Robust Estimation and M-Estimators — Probability & Statistics

Classical estimators (mean, MLE) are sensitive to outliers. Robust statistics develops estimators resilient to data contamination while maintaining high efficiency in the normal case.

Breakdown Point and Influence Function

Breakdown Point (BP): The minimal proportion of contaminated data at which an estimator breaks down. $\bar{X}$: BP = $1/n \to 0$. Median: BP = $0.5$. $S^2$: BP = $1/n$. MAD $= \text{median}|X_i - \text{median}|$: BP = $0.5$.

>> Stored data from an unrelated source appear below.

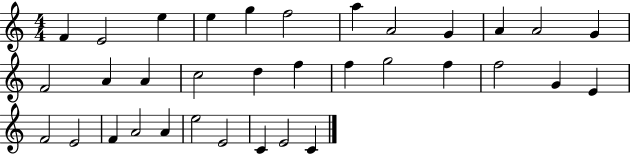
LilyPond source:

{
  \clef treble
  \numericTimeSignature
  \time 4/4
  \key c \major
  f'4 e'2 e''4 | e''4 g''4 f''2 | a''4 a'2 g'4 | a'4 a'2 g'4 | \break f'2 a'4 a'4 | c''2 d''4 f''4 | f''4 g''2 f''4 | f''2 g'4 e'4 | \break f'2 e'2 | f'4 a'2 a'4 | e''2 e'2 | c'4 e'2 c'4 | \break \bar "|."
}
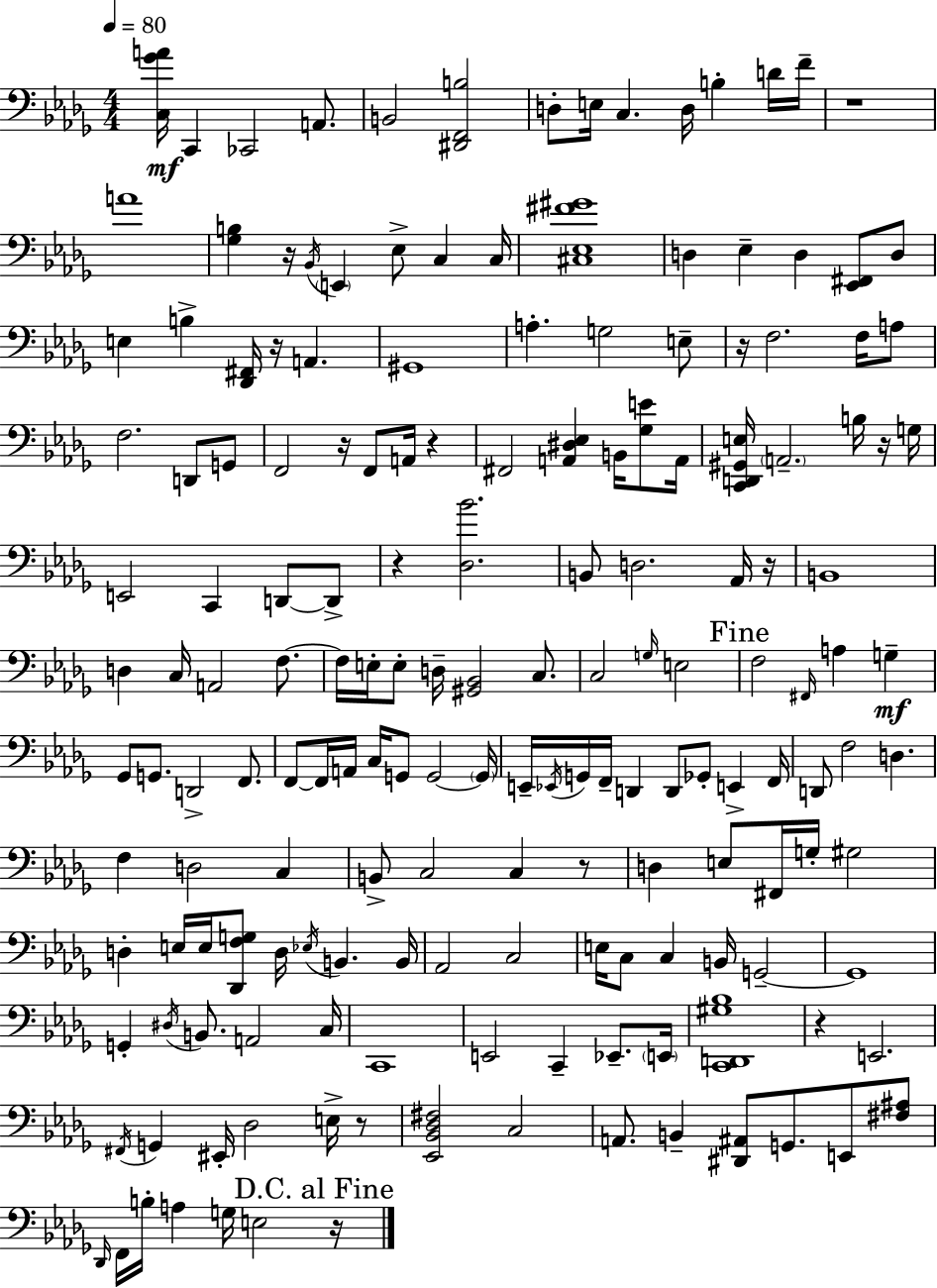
X:1
T:Untitled
M:4/4
L:1/4
K:Bbm
[C,_GA]/4 C,, _C,,2 A,,/2 B,,2 [^D,,F,,B,]2 D,/2 E,/4 C, D,/4 B, D/4 F/4 z4 A4 [_G,B,] z/4 _B,,/4 E,, _E,/2 C, C,/4 [^C,_E,^F^G]4 D, _E, D, [_E,,^F,,]/2 D,/2 E, B, [_D,,^F,,]/4 z/4 A,, ^G,,4 A, G,2 E,/2 z/4 F,2 F,/4 A,/2 F,2 D,,/2 G,,/2 F,,2 z/4 F,,/2 A,,/4 z ^F,,2 [A,,^D,_E,] B,,/4 [_G,E]/2 A,,/4 [C,,D,,^G,,E,]/4 A,,2 B,/4 z/4 G,/4 E,,2 C,, D,,/2 D,,/2 z [_D,_B]2 B,,/2 D,2 _A,,/4 z/4 B,,4 D, C,/4 A,,2 F,/2 F,/4 E,/4 E,/2 D,/4 [^G,,_B,,]2 C,/2 C,2 G,/4 E,2 F,2 ^F,,/4 A, G, _G,,/2 G,,/2 D,,2 F,,/2 F,,/2 F,,/4 A,,/4 C,/4 G,,/2 G,,2 G,,/4 E,,/4 _E,,/4 G,,/4 F,,/4 D,, D,,/2 _G,,/2 E,, F,,/4 D,,/2 F,2 D, F, D,2 C, B,,/2 C,2 C, z/2 D, E,/2 ^F,,/4 G,/4 ^G,2 D, E,/4 E,/4 [_D,,F,G,]/2 D,/4 _E,/4 B,, B,,/4 _A,,2 C,2 E,/4 C,/2 C, B,,/4 G,,2 G,,4 G,, ^D,/4 B,,/2 A,,2 C,/4 C,,4 E,,2 C,, _E,,/2 E,,/4 [C,,D,,^G,_B,]4 z E,,2 ^F,,/4 G,, ^E,,/4 _D,2 E,/4 z/2 [_E,,_B,,_D,^F,]2 C,2 A,,/2 B,, [^D,,^A,,]/2 G,,/2 E,,/2 [^F,^A,]/2 _D,,/4 F,,/4 B,/4 A, G,/4 E,2 z/4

Influence Function (Hampel, 1974): $IF(x; T, F) = \lim_{\varepsilon \to 0} \frac{T((1-\varepsilon)F + \varepsilon \delta_x) - T(F)}{\varepsilon}$. For $\bar{X}$: $IF(x) = x - \mu$ — unbounded. For the median: $IF(x) = \frac{\text{sign}(x-\mu)}{2f(\mu)}$ — bounded. Gross-error sensitivity: $\gamma^* = \sup|IF(x)| < \infty$ → robust estimator.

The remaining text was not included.